Yutzy S et al., Proc ISMRM 17 (2009), Pg. 2765 and Ehses P et al., Proc ISMRM 18 (2010) Pg. 2969, describe curve fitting based approaches for parameter estimating to solve the inverse problem. These approaches diverge from earlier approaches like those described by Carneiro, et al., MRI Relaxometry, Methods and Applications, Brazilian Journal of Physics, vol. 36, no. 1A, March 2006, which reported that “generally, T2 has been evaluated using single or bi-exponential fitting”, which lead to “the value of T2 obtained from an exponential fit [being] strongly influenced by the choice of the amplitude of the signal offset.” In some instances, both the single scale OMP and the bi-exponential fitting have yielded unsatisfactory results for the inverse problem.
Thus, even though more and more pixel-wise relaxation parameter data is becoming available, and even though that data is becoming available in ever shorter, more clinically relevant time frames, the data may still be under-utilized in conventional fitting approaches, even OMP approaches, that attempt to solve the inverse problem.
One conventional OMP technique may yield inaccurate results due to similarities between relaxation curves in the OMP dictionary. Recall that OMP involves matching or fitting acquired signal evolutions to dictionary relaxation curves to try to determine the best match or fit and thus to try to determine the relaxation parameter values. Conventionally, similarities between dictionary relaxation curves has made it difficult, if even possible at all, to identify a best match. In other words, when things in the dictionary are too similar, it is hard to use the dictionary to uniquely identify and disambiguate incoming signal evolutions because the incoming signal evolutions either match or do not match to the similar things in similar ways. This issue may be exacerbated when the incoming signal evolutions are associated with an under-sampled data space and have fewer points for comparison.

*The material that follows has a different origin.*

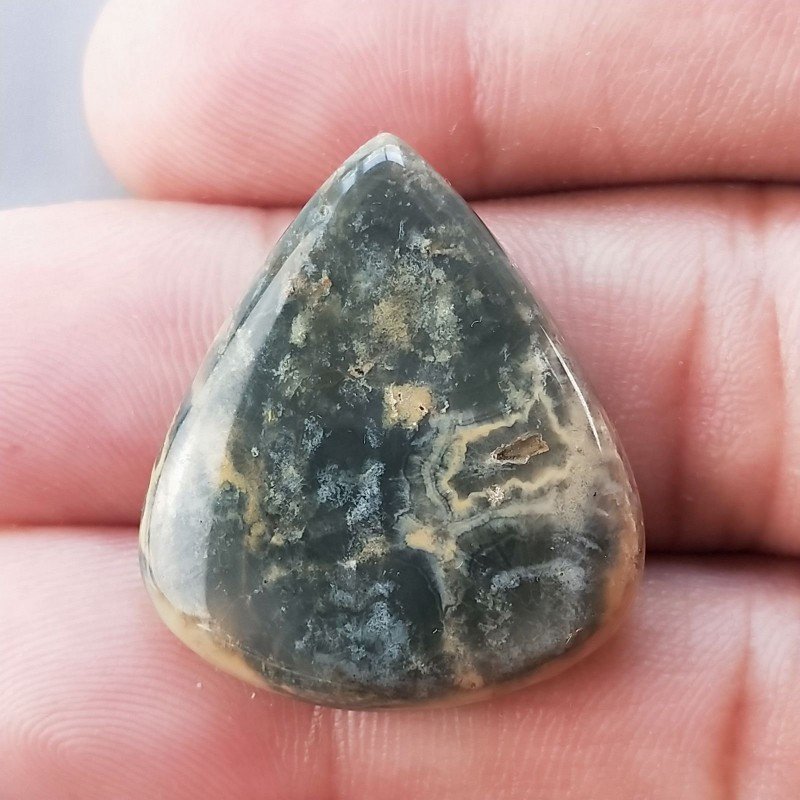 Agata Muschiata Naturale Forma Goccia Piatto Cabochon Liscio Fatto a Mano 28X24mm 5,14gm 1pz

The short comings of conventional approaches have lead to a difficult decision concerning tradeoffs between high degrees of under-sampling and image quality. When items are relaxing very quickly, images may need to be highly under-sampled to catch fast relaxation components. However, the high under-sampling may lead to very noisy signal curves that are difficult to process and lead to lower quality images. However, when items are relaxing more slowly, high degrees of under-sampling may not be required and higher quality images may be acquired. Conventionally, imagers must balance the desire to catch fast relaxation components against the desire to have the highest quality images. With fewer images (e.g., higher under-sampling), the ability to track dynamic information is limited. Therefore, there is a tradeoff between image quality and the ability to track dynamic information. Using fewer projections allows making more images of lower quality but with higher ability to track dynamic information. Using more projections allows making fewer images of higher quality but with less ability to track dynamic information.